> _How to complete this task_
Only the lines from the one with "Piston with connecting rod" to the end of the data, both ends included, should be output, exactly as they stand and without pictures.

> _Task material_
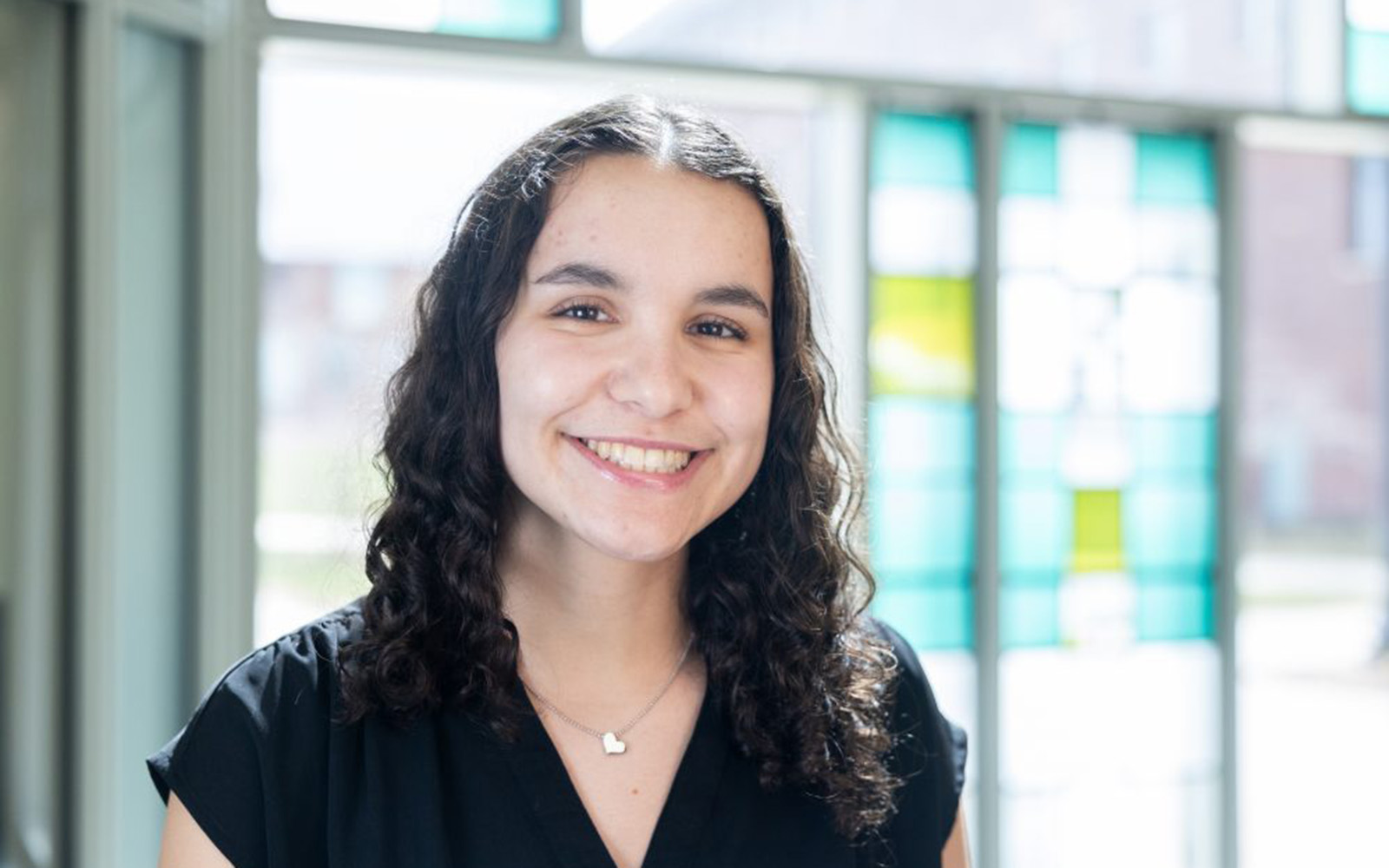 Julianna Cushner '25 (BUS) poses for a photo in the Business Building in Storrs on Wednesday, March 26, 2025. (Sydney Herdle/UConn Photo)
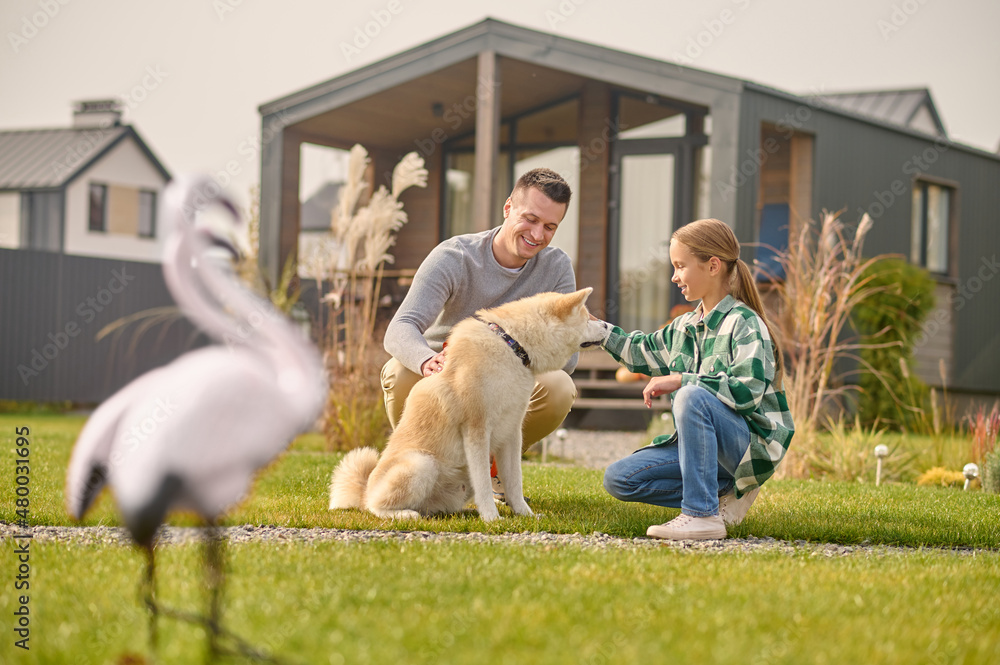 © zinkevych - Man and girl crouched near dog on lawn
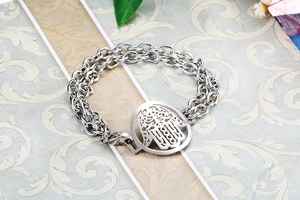 Detail view of silver double-layered chain bracelet with hollow Hamsa Hand charm pendant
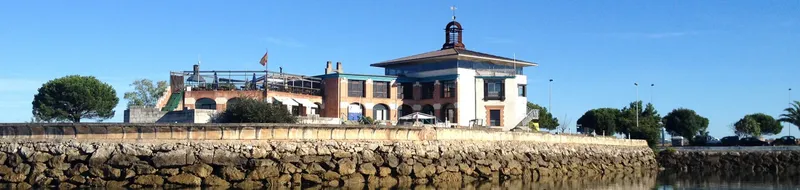 Bâtiment coloré au bord de l'eau avec quai en pierre et ciel bleu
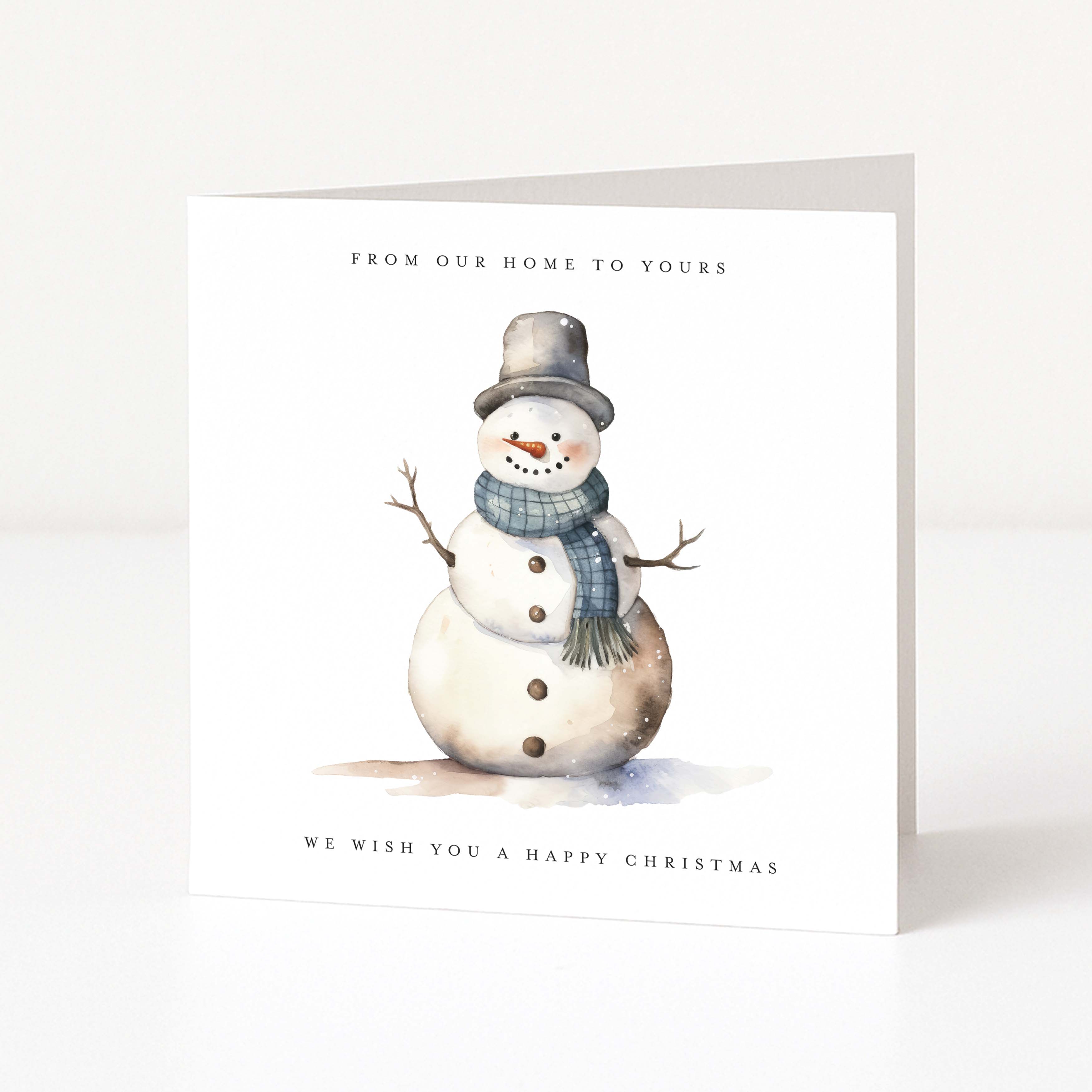 A square white Christmas greeting card standing upright on a light gray surface. The front features a watercolor-style snowman wearing a gray top hat and blue plaid scarf, with the text 'FROM OUR HOME TO YOURS' above and 'WE WISH YOU A HAPPY CHRISTMAS' below.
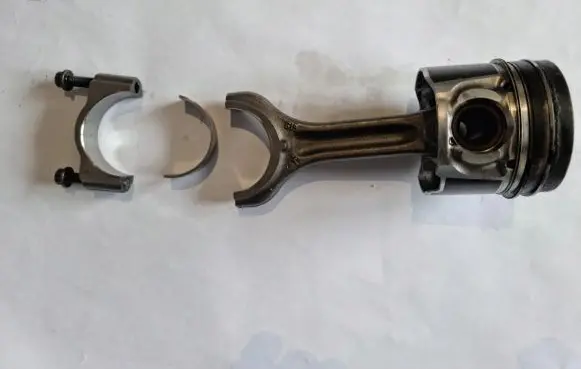 Piston with connecting rod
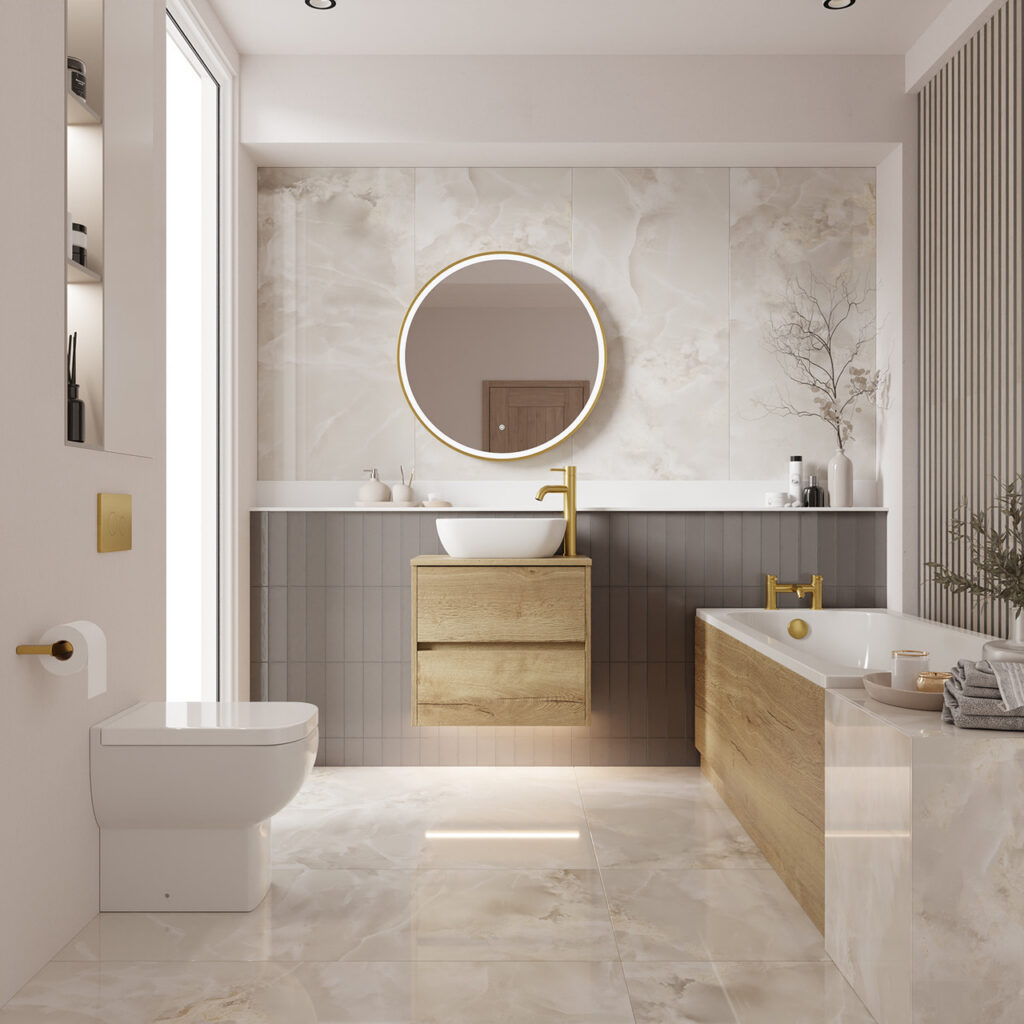 Modern bathroom with marble floors, wooden accents, and a round mirror, finished off with brushed brass taps and fittings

> _Answer space_
 Piston with connecting rod
 Modern bathroom with marble floors, wooden accents, and a round mirror, finished off with brushed brass taps and fittings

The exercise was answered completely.